%%

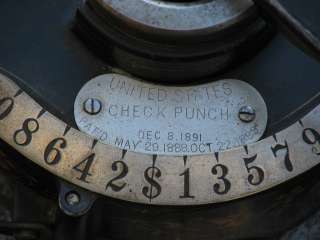 Antique United States Check Punch 1891  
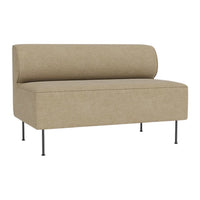 Beige upholstered sofa with smooth fabric and minimalist design, featuring a cylindrical backrest and sleek metal legs.
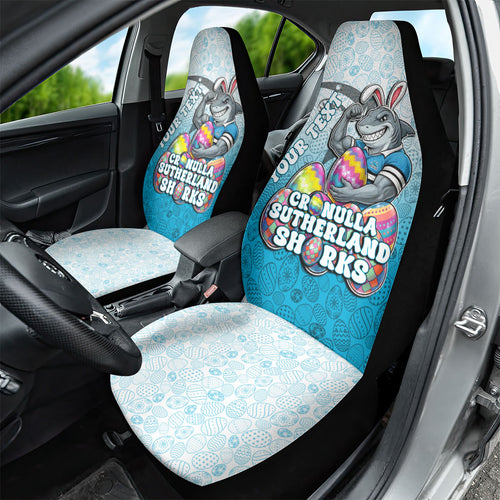 Personalized Cronulla Sutherland Sharks Car Seat Cover Easter Mascot - Colorful Eggs Cartoon Style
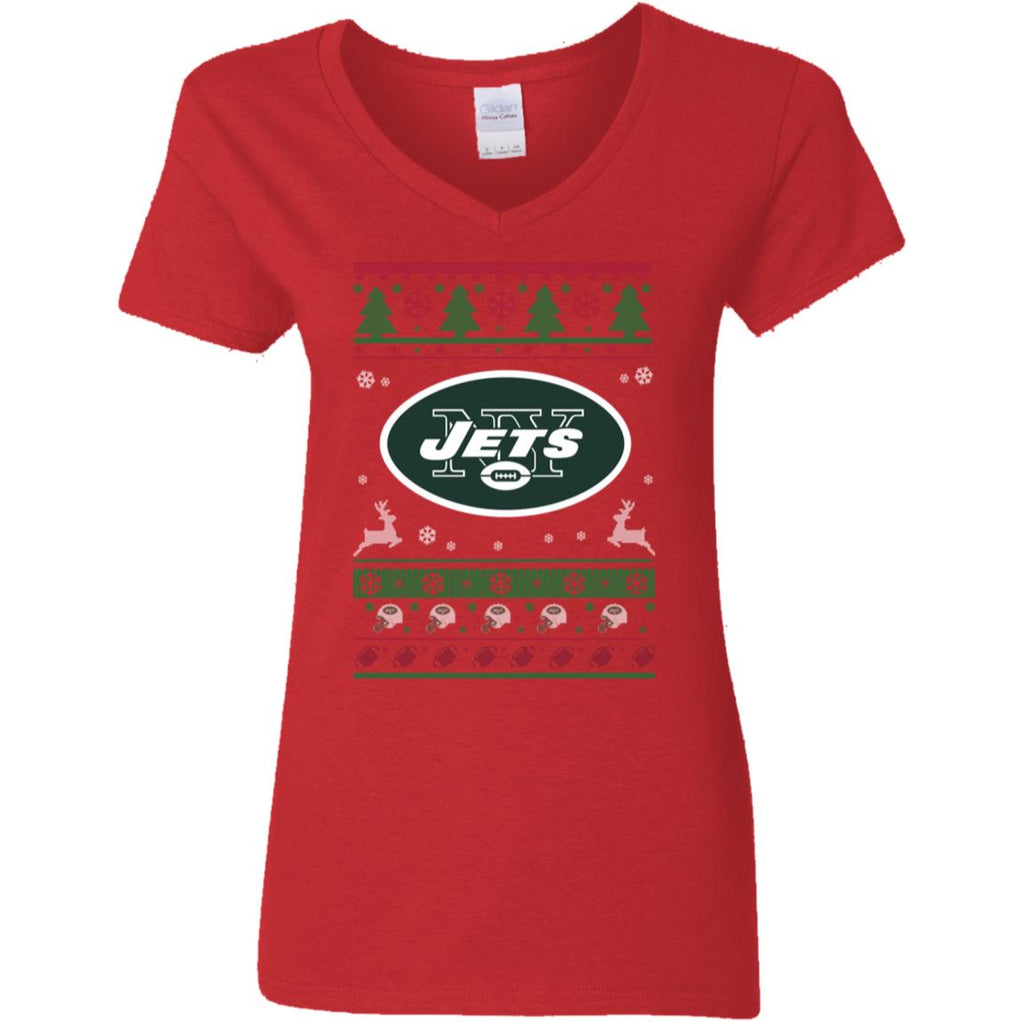 New York Jets Logo Football Teams Ugly Christmas Sweater Women V-Neck T-Shirt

%%

What you need to do: Write the lines out word for word, starting at the one with "Personalized Cronulla Sutherland" and stopping after the last line of the material above, with pictures excluded.

Reply to the exercise:
 Personalized Cronulla Sutherland Sharks Car Seat Cover Easter Mascot - Colorful Eggs Cartoon Style
 New York Jets Logo Football Teams Ugly Christmas Sweater Women V-Neck T-Shirt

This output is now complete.